Information shown:
§ §
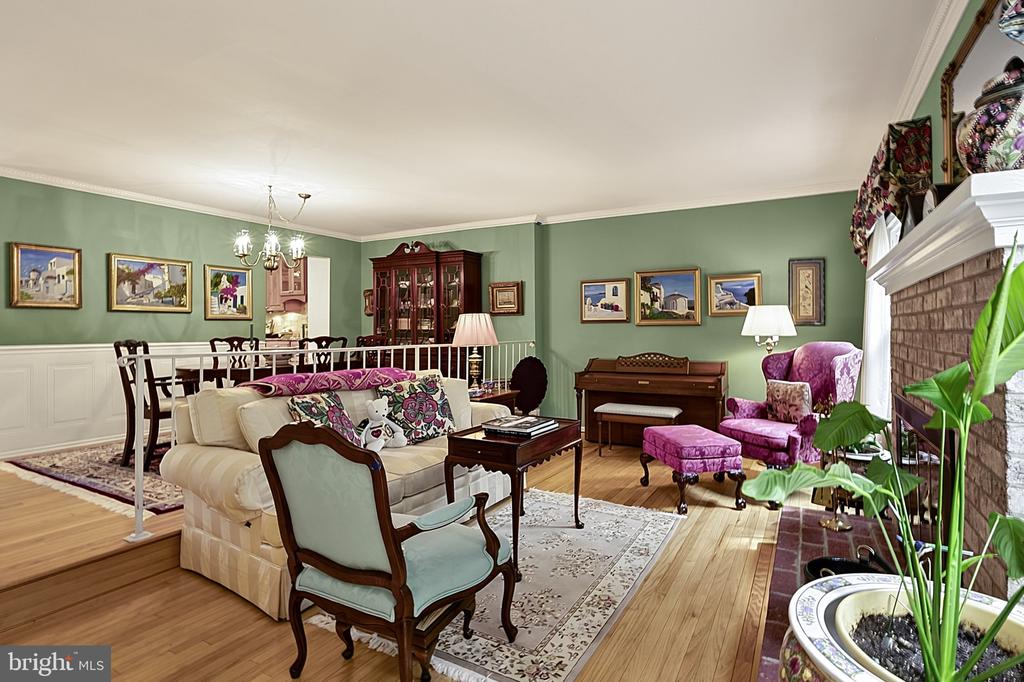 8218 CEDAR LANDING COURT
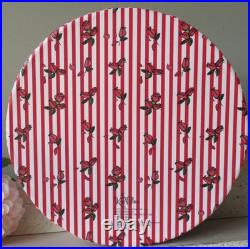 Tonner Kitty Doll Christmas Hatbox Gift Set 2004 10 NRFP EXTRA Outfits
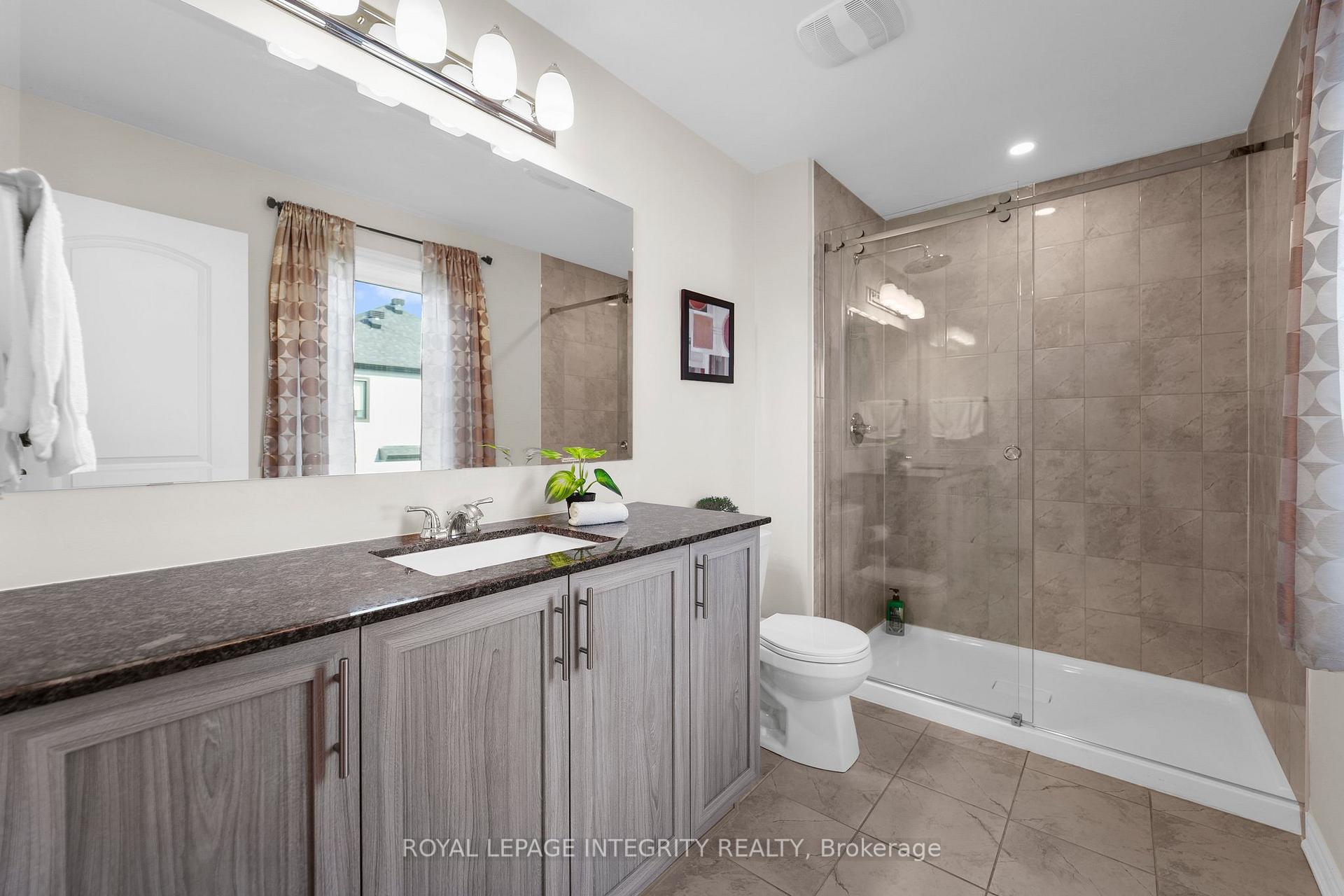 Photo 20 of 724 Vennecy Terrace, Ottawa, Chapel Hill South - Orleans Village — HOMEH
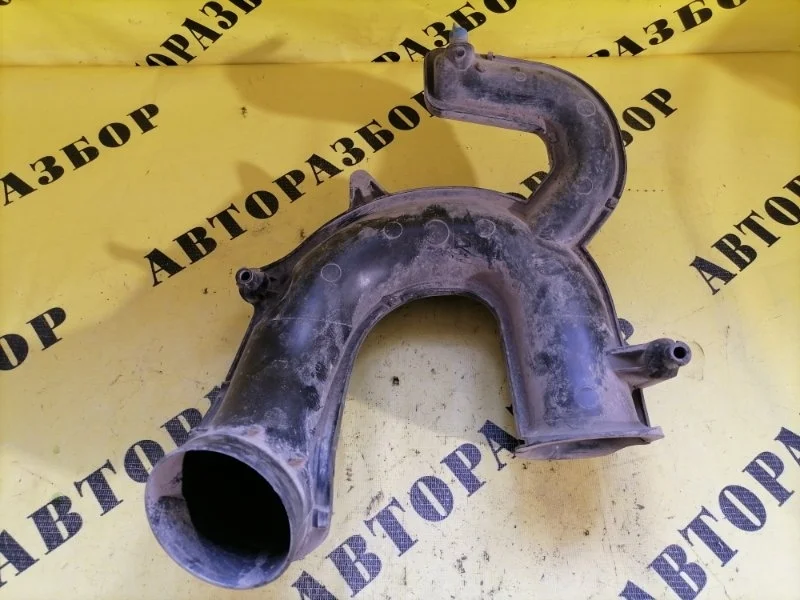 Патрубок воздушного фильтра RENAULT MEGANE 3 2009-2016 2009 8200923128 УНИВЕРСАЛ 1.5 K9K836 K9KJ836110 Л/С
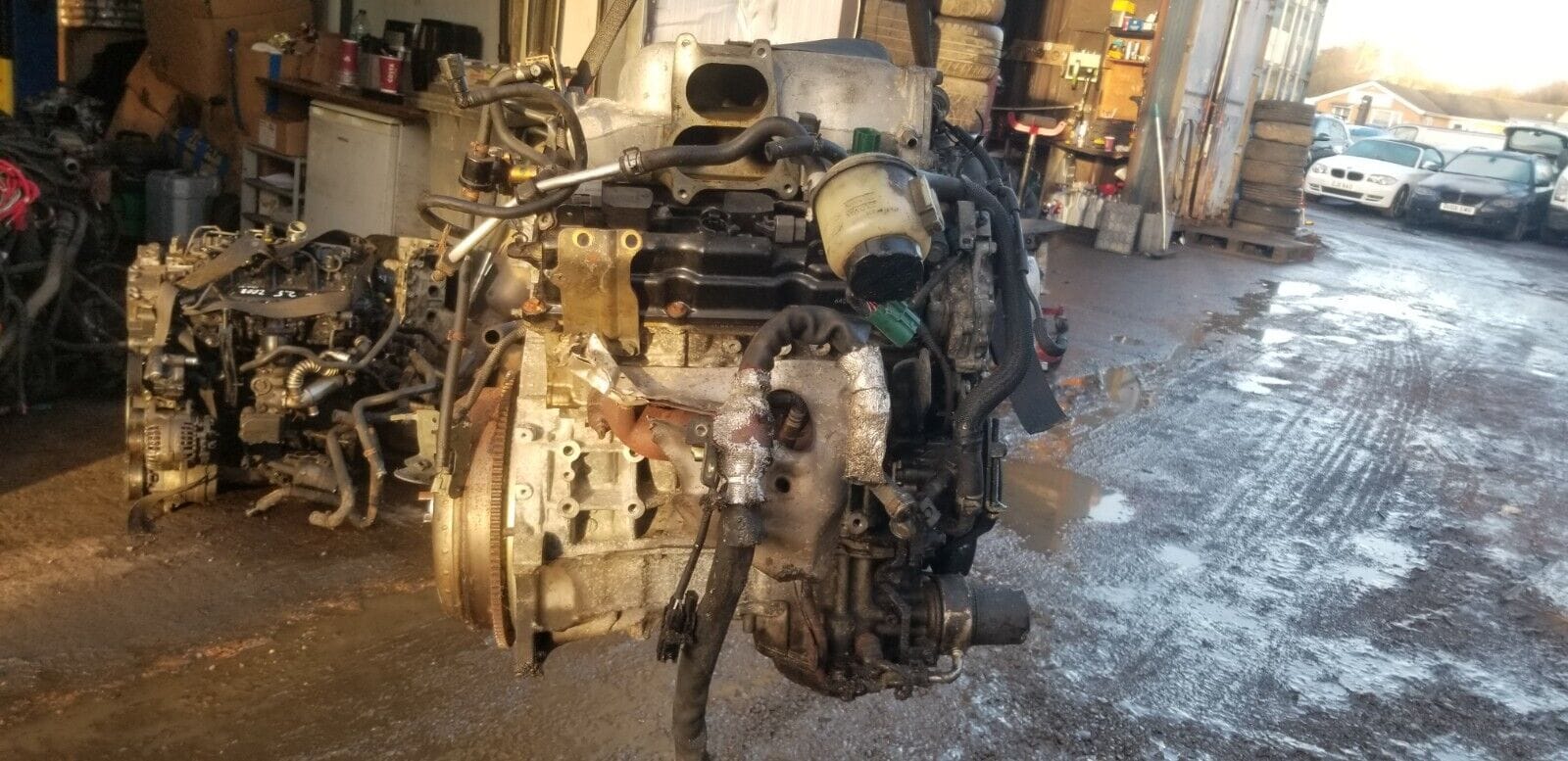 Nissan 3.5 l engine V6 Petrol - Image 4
§ §
Work request: Go through the data above and transcribe it in full, omitting any image.

Solution for this task:
 8218 CEDAR LANDING COURT
 Tonner Kitty Doll Christmas Hatbox Gift Set 2004 10 NRFP EXTRA Outfits
 Photo 20 of 724 Vennecy Terrace, Ottawa, Chapel Hill South - Orleans Village — HOMEH
 Патрубок воздушного фильтра RENAULT MEGANE 3 2009-2016 2009 8200923128 УНИВЕРСАЛ 1.5 K9K836 K9KJ836110 Л/С
 Nissan 3.5 l engine V6 Petrol - Image 4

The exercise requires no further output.